Two months after the Polish maestro’s acclaimed concert, Mr. Armstrong established the Ambassador International Cultural Foundation (aicf) as the humanitarian arm, separate from the church and college, enabling streamlined cooperation and partnership with world leaders and their governments in associated projects, “helping people help themselves” in the spirit of give and outflowing concern one toward the other.

The following year, writing from Rome 13 years before the fall of the Berlin Wall, Mr. Armstrong foresaw the breakup of the ussr’s Eastern European satellite nations. He identified “East Germany, Poland, Romania, etc. breaking with Moscow in the event of the resurrection of the ‘Holy Roman Empire’ and coming into the new united Europe” (co-worker letter, April 22, 1976).

Mr. Armstrong saw Karol Józef Wojtyła’s election to pope in 1978 as a powerful factor in the political change in Poland driven by the Vatican, as evidenced by his writing to supporters Sept. 20, 1979: “As a matter of fact, his having come from Poland, and the effect of his visit there, indicate that instead of the coming ‘resurrected’ Holy Roman Empire including such nations of Israelitish ancestry as Holland, Denmark, Norway and Sweden, the 10 nations to compose it may include such nations—now Russian satellites—as Poland, Czechoslovakia, Romania and Yugoslavia.”

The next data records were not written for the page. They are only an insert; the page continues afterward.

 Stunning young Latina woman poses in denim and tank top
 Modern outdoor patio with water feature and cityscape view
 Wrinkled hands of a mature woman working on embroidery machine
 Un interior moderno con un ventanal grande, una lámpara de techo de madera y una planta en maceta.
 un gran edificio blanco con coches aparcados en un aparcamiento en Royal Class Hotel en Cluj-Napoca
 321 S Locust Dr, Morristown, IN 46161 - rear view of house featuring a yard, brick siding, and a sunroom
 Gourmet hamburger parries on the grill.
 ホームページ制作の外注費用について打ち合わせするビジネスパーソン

As the first religious leader from Christianity to be officially invited as a guest of Communist China, Mr. Armstrong was thereafter extended similar offers by the governments of Russia and North and South Korea, along with Poland. During this time he maintained that Poland would be part of the prophesied 10-nation combine he had been declaring since February 1934.

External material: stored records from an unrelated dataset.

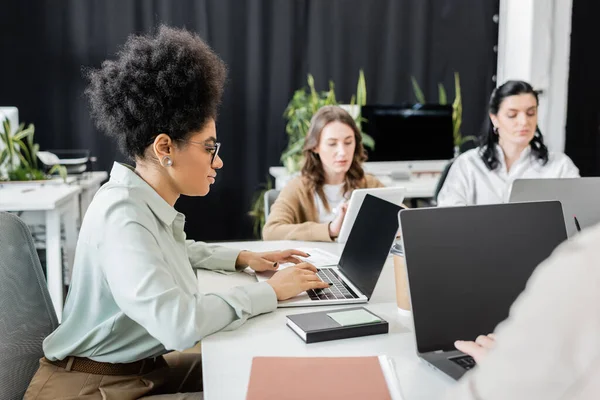 Vue latérale d'une femme d'affaires afro-américaine utilisant un ordinateur portable près de collègues féminines au bureau — Photo de stock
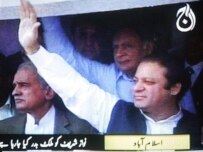 Former Prime Minister Nawaz Sharif waves as he steps off his plane today at Islamabad airport, shortly before he was deported (AFP)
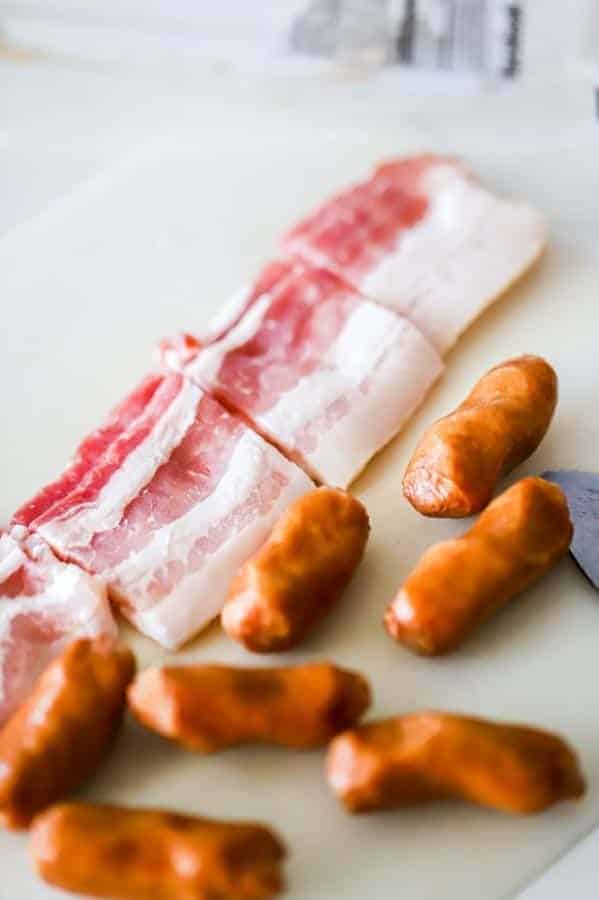 pieces of bacon next to unwrapped little smokies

He cited inflation, unemployment and other troubles, along with the pope’s bidding, as key indicators of the imminent collapse of Russian influence in the country. This was before the rise to prominence of trade unionist and co-founder of the Solidarity movement, Lech Walesa, aided and supported by the United States and the Vatican.

However, as the Solidarity movement and domestic discontent rose according to his earlier prognosis, Mr. Armstrong feared his pending meeting with Polish leaders was in jeopardy. “I will know in a day or two,” he wrote co-workers on Oct. 23, 1980, whether “I get to visit the present top man in Poland. We did have an invitation, but the recent labor uprising changed the government leadership.”

Mr. Armstrong continued to draw his viewers’ and readers’ attention to Poland and events in Europe, reviewing biblical prophecies found in Revelation 17 and Daniel 2 in light of the pope’s visits to his homeland and their influence in “breaking loose five Soviet satellite nations in Eastern Europe, so they may be united by the Catholic Church with five Western European nations. It will become a colossal third world power, possibly greater than either the Soviet Union or the United States” (ibid, June 22, 1983).

Less than a year before his death, Mr. Armstrong planned that the Church’s largest annual festival, the Feast of Tabernacles, conducted at 89 sites in 49 countries, now for the first time in Church history be held behind the Iron Curtain, at a site at Cracow, Poland.

The Polish can be thankful for the ceaseless efforts of this unofficial ambassador for world peace to reach their country’s leaders and populace with the gospel of Jesus Christ heralding the imminent establishment of His Father’s Kingdom (Matthew 24:14).

From 1961 to 1989 the Berlin Wall separated Eastern and Western Europe. As events reached fever pitch in Hungary, Poland and the ussr, the wall came tumbling down. By that time, Mr. Armstrong was dead, but the prophecies he passionately declared were not, and a world stood in awe at the reunification of Germany and rise of Europe, just as he had declared.

That same year, Trumpet founder and editor in chief Gerald Flurry began, in the tradition and legacy of Mr. Armstrong, to proclaim the “more sure word of prophecy” (2 Peter 1:19). The resulting two decades of his prophesying have seen the promised end-time fulfillment of God’s Word, reported to you by the Trumpet in the tradition of Mr. Armstrong, establishing the Trumpet and the Key of David program as the source for the plain truth of Bible prophecy.